Látigo y cascabel
Cualquier recorrido en el transporte público capitalino —me refiero esencialmente a las rutas P— puede pasar con sorprendente facilidad del estado sólido de un simple viaje terrenal, al estado gaseoso de una experiencia de ingravidez casi surrealista, como un sueño —o pesadilla— y terminar en un estado líquido representado en alguna que otra lágrima que brota por la risa o que nos aguantamos por la indignación.
Porque —no me lo podrán negar— a diario vemos en los ómnibus situaciones que son como para llorar largo y tendido. El suceso que motiva este comentario, desgraciadamente, no puede incluirse en esas estampas típicamente criollas que podrían arrancarle carcajadas hasta a una estatua, sino más bien en el apartado de «mantener fuera del alcance de todos».
La escena fue la siguiente: una adolescente vestida con uniforme escolar —no estoy segura de que el vocablo uniforme sea el adecuado para describir lo que llevaba puesto— iba escuchando música con su teléfono celular, práctica que se ha hecho común en casi todos los espacios. El volumen del sonido llevaba el signo distintivo de «Esto es para todos, les guste o no», en franca competencia con el del ómnibus.
¿Qué escuchaba la muchacha junto a sus amigas? No es muy difícil de adivinar: reguetón. No tengo nada en contra de ritmo alguno, a no ser que este sea una cuchillada a los oídos o una mordida rabiosa al sentido común. Y este es el caso.
Lo malo no es que fuese reguetón, sino la letra y, más, la reacción de la joven. En una parte de la canción, en que el ritmo se hizo menos intenso y agresivo, el ¿cantante? entró en un momento «romántico» para dedicar el tema a alguien, y aunque no lo retuve íntegramente, dijo algo así: «Ejto es pa’ti, la loca que me trastoca, que me provoca... y cuando ejtás conmigo, mami, eres un animal con ropa».
Al escuchar eso sentí ganas de gritar encolerizada. ¿Qué hizo la chica? Cerró los ojos, puso una mano en su pecho y repitió junto al ¿vocalista? palabra por palabra, con un sentimiento tal, como si alguien le estuviese susurrando al oído la más hermosa declaración de amor. Me dejó muda el alma. Entonces una señora, que también quedó pasmada, me dijo: «La solución es ignorarlo, porque de lo contrario te sube la presión».
Que suba la presión entonces, porque la indiferencia no es remedio para curar fracturas y heridas en los valores, y mucho menos alivio para enmendar la miseria espiritual o la estrechez de sentimientos.

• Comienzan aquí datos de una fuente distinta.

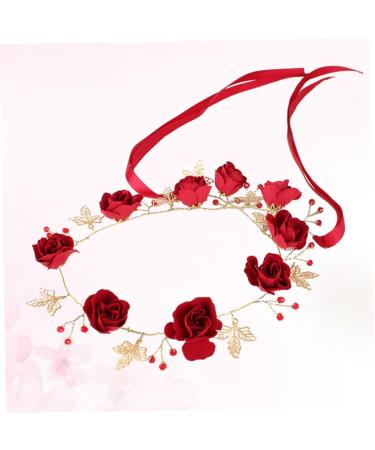 minkissy Red Headband Bridal Head Headgear Miss Nationality Accessories Red - Buy Online on SooperMarket.com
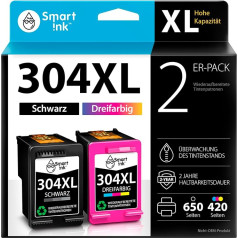 Smart Ink reconditioned Ink Cartridge Replacement for HP 304XL, 304 XL 2, Multipack, Black and Colour Cartridges, High-Capacity Cartridges for DeskJet 2620, 2630, 2635, 3700, 3720, 3730, Envy 5010, 5010, 5020, 5052, 5055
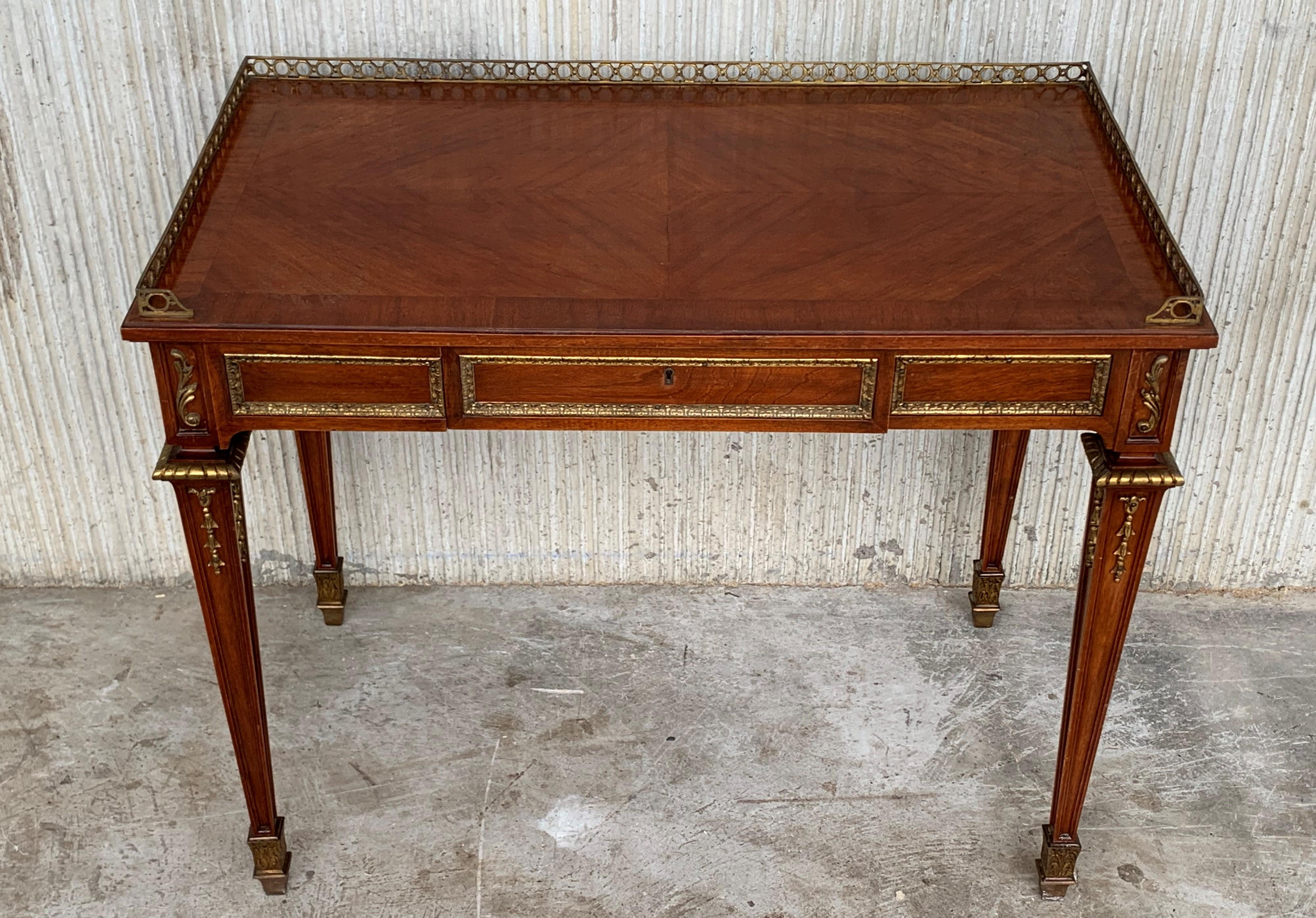 19th Rectangular Bouillotte Louis XVI Desk Table with Bronze Mounts For Sale 2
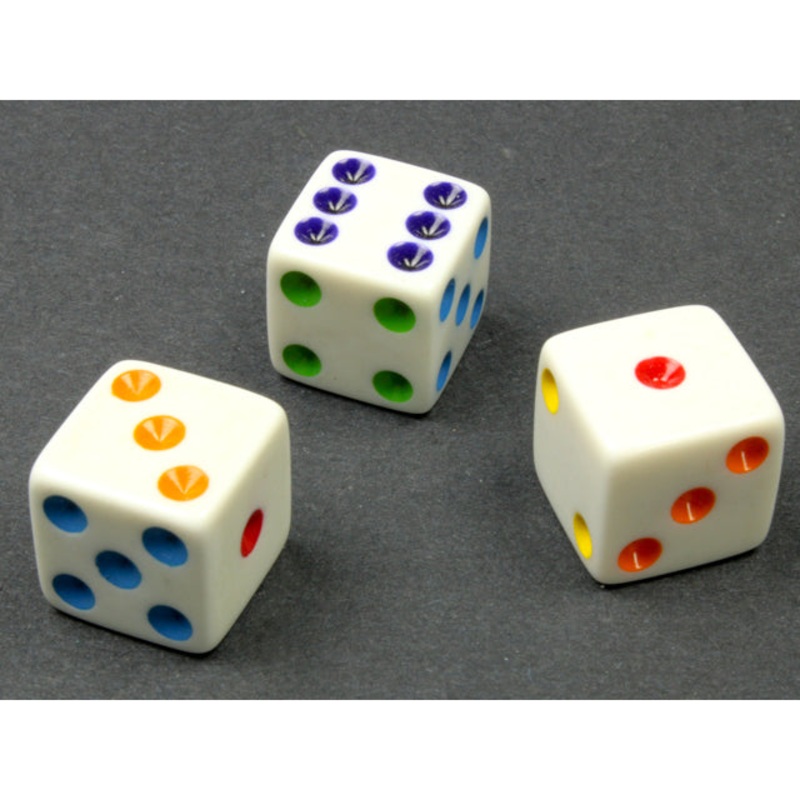 Chessex – CHX KOP06231 16mm Opaque d6 White/Multi-colored pips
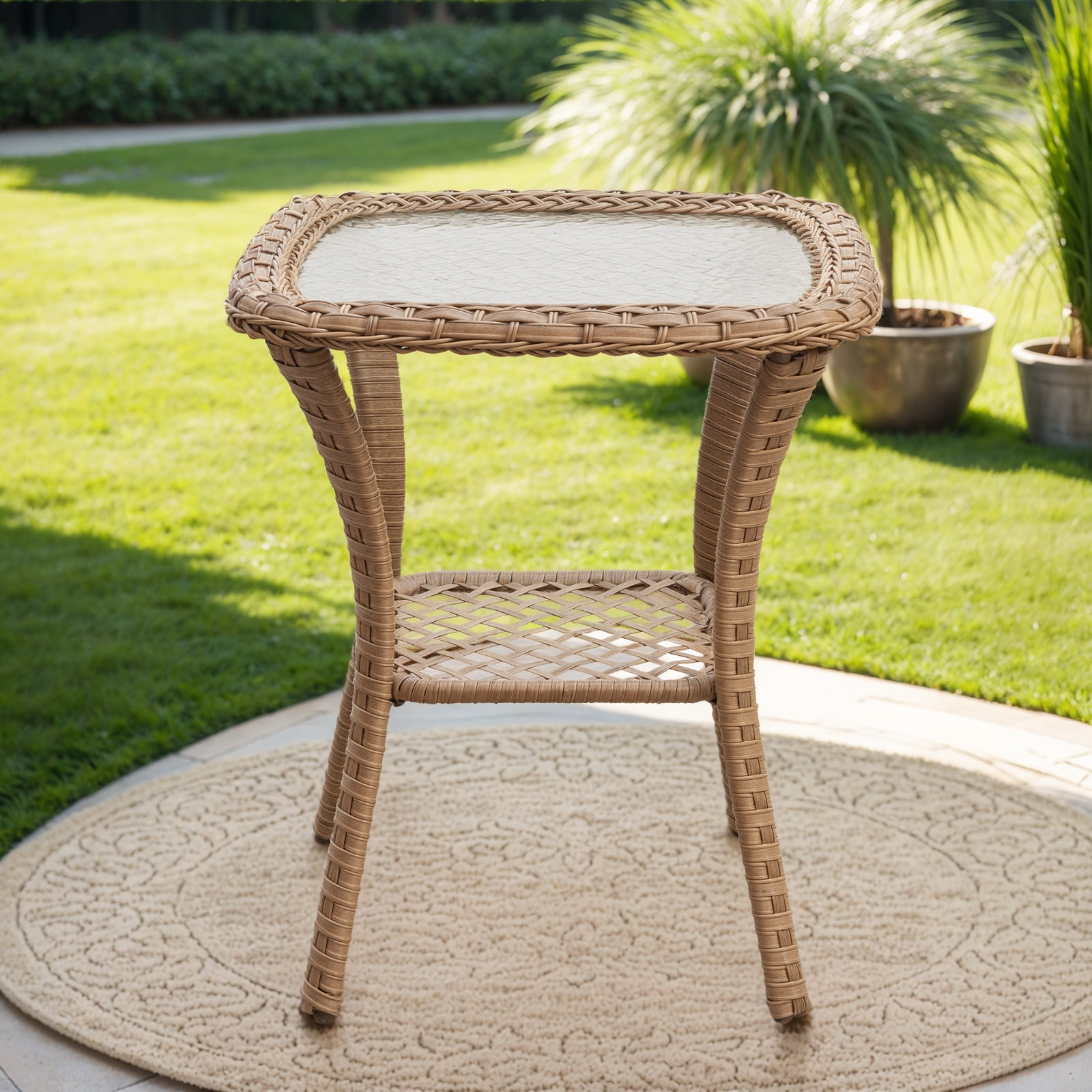 PARKWELL Outdoor Patio Side Table Square Wicker End Table with Glass Top, Yellow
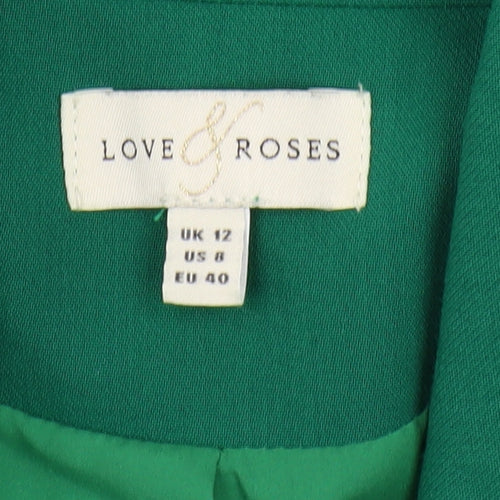 Love & Roses Women's Green Blazer UK 12 Lined Workwear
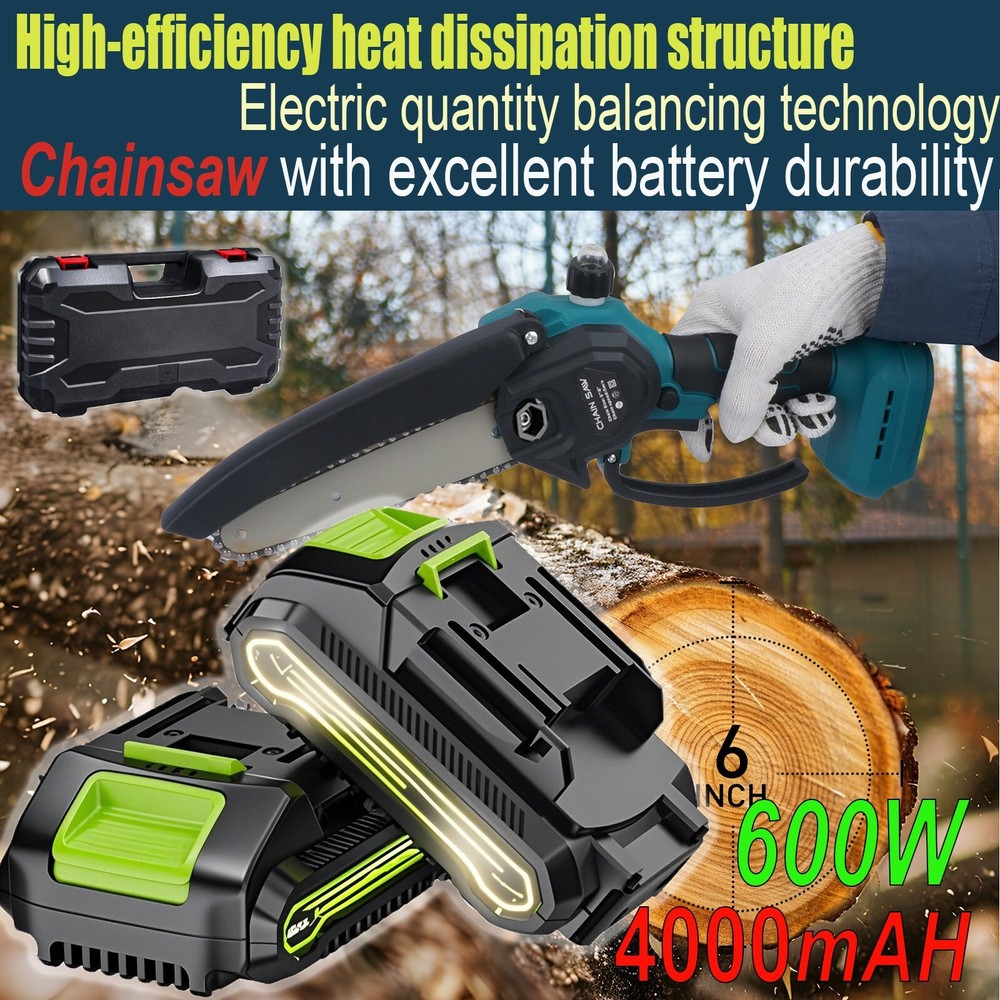 Mini Chainsaw Gift for Him - 4000mAh Cordless Quiet Yard Tool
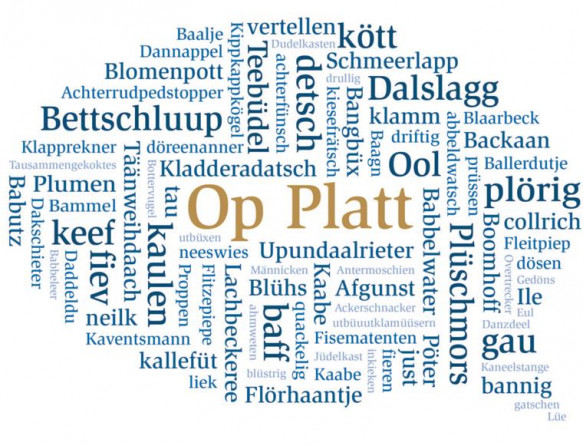 Plattdeutsch-Wortwolke, Grafik: Gausmann /​/​ https:/​/​www.nord24.de/​bremerhaven/​diese-woerter-sind-auf-platt-viel-schoener-als-auf-23394.html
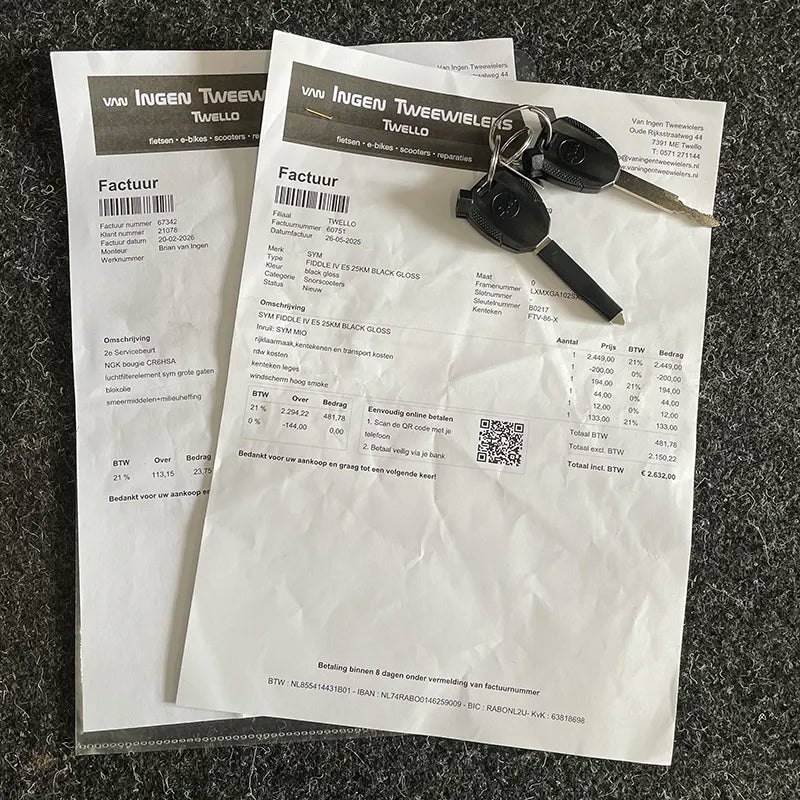 Sym Fiddle II - Snor - Euro4 - 2025 - 4T - Glans Zwart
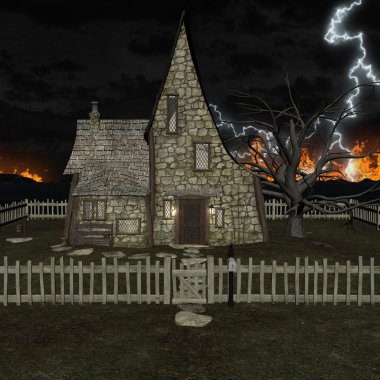3D render ürkütücü ev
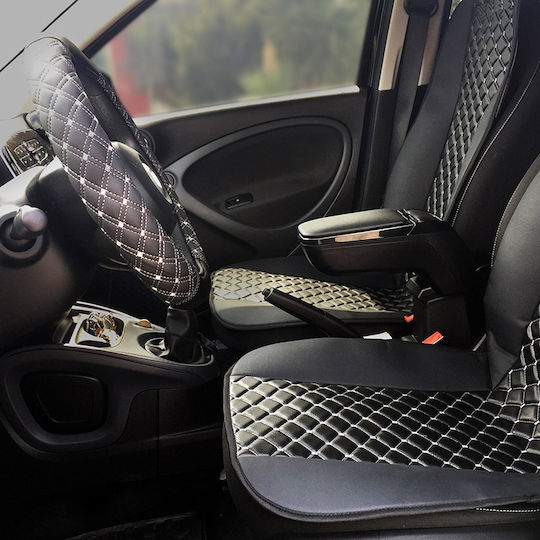 Feral Car Steering Wheel Cover Sport Driving D-Shape Medium with Diameter 38cm made of Leatherette Black with Gray Stitching
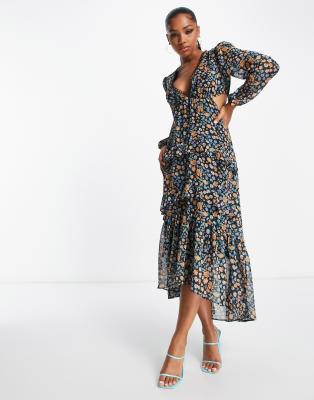 Miss selfridge best sale floral wrap dress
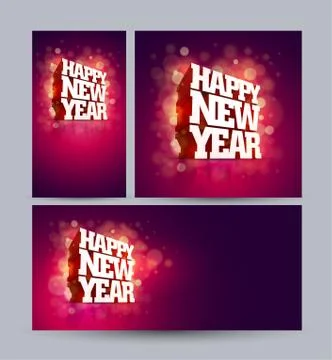 Vector 3D Happy New Year design collection Stock Illustration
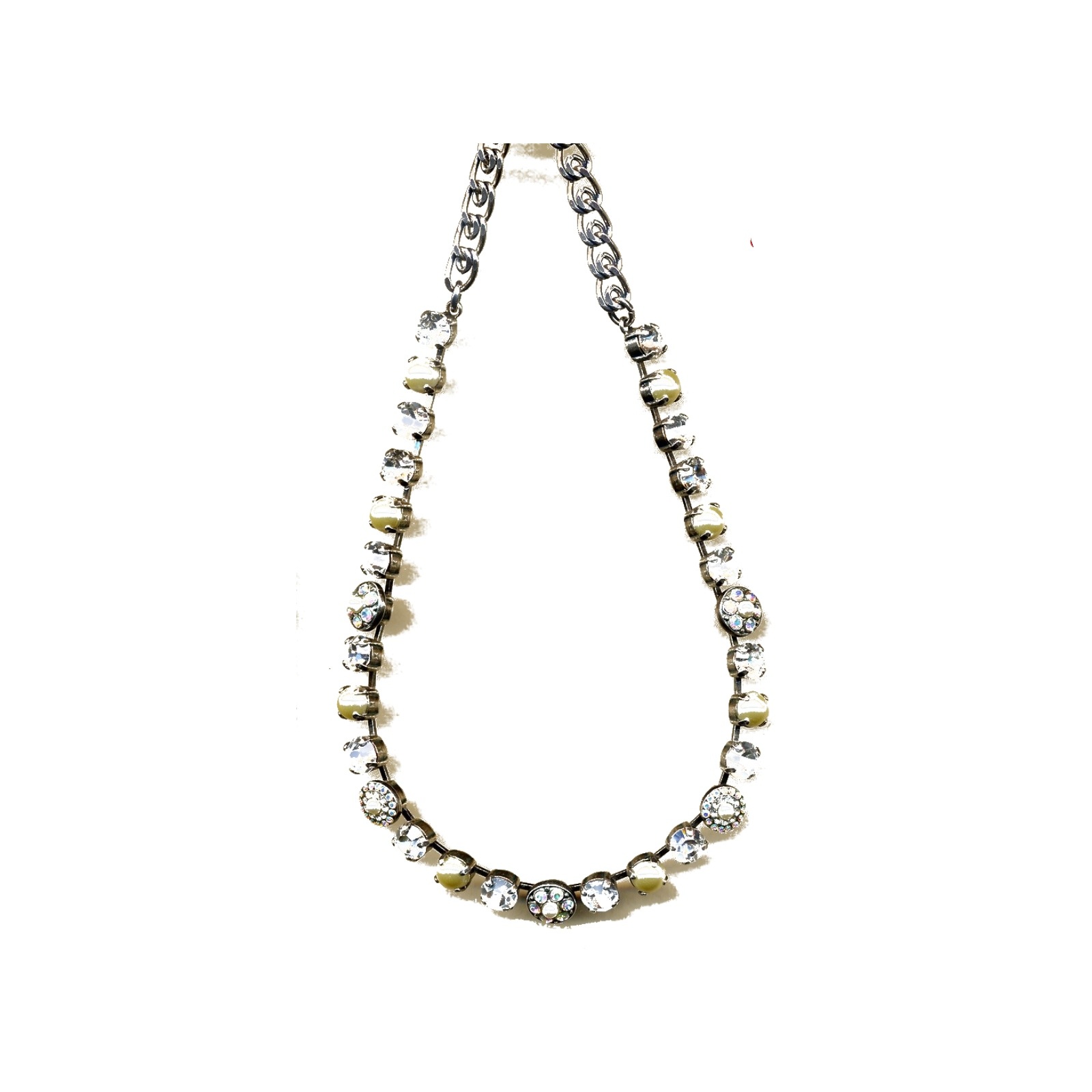 N-3044-1-M48001-YG Necklace By Mariana Woman Timeless Pearl Mineral and Clear Swarovski Crystals - Image 1
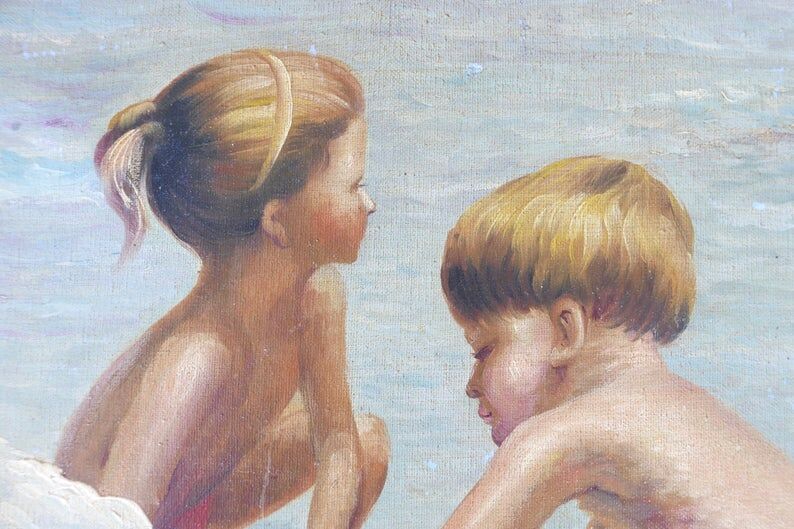 Oil painting: children's games, 1950s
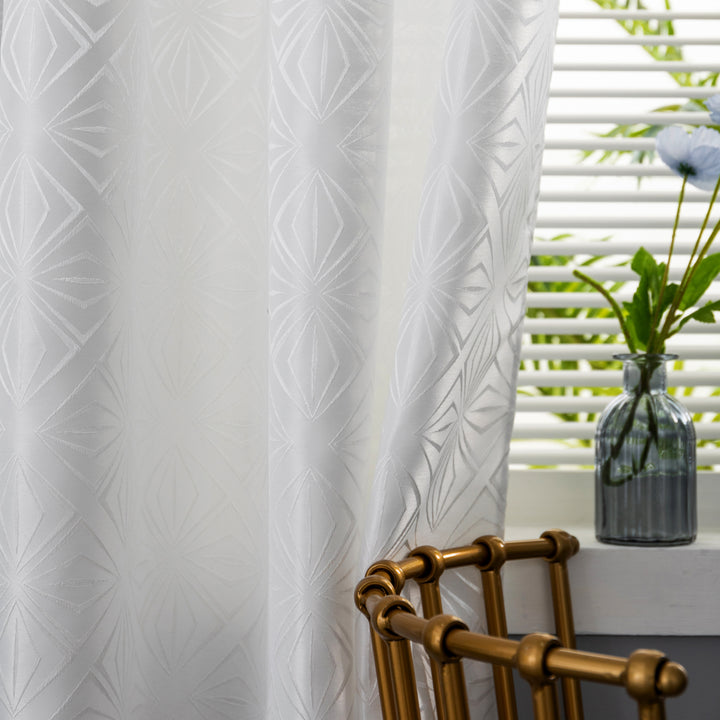 TENDA JACQUARD BIANCA SEMI OSCURANTE FANTASIA A ROMBI 1 PANNELLO 140X295CM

Tal vez usted, amigo lector, diga: ¡De nuevo con la misma matraca! Pero no. En este caso no funciona el refrán de «A palabras necias, oídos sordos».
Me cuesta entender que en un pueblo como el nuestro, donde la defensa de la cultura, la búsqueda constante del conocimiento y el estímulo de la educación constituyen piedras angulares, todavía se perciban rezagos tan luctuosos de medianía mental.
Y que en un país que se enorgullece, con razón, de tener en su historia nombres como los de Ana Betancourt y Vilma Espín, quienes personifican la lucha por dar a la mujer su lugar en una sociedad que aboga por la justicia y la igualdad, haya quienes ¿canten? a una fémina a la que comparan con un animal.
Y lo más lamentable es que del otro lado haya una joven que se sienta halagada con semejante barbarie. ¿Dónde queda el amor propio? ¿Son respeto y pudor palabras vacías? ¿Cómo puede alguien reproducir esquemas retrógrados que hablan de la mujer como de un ser inferior? ¿Será este hecho solo otra expresión de un fenómeno más serio que tiene sus causas al interior de la sociedad?
Me resisto a pensar que estemos viviendo una suerte de regresión. Nuestra evolución como seres sociales, como especie poseedora de la capacidad para ganar terreno a lo mal hecho, no puede convertirse en una conquista empañada por la futilidad. ¿O estamos involucionando?
Sería inadmisible quedar incólumes ante situaciones como esta. Hay fallas que se convierten en fisuras, fisuras que se transforman en estropicios, y estropicios abismales que pueden dar al traste con las bondades de un proyecto social como el nuestro, enfocado en el mejoramiento humano.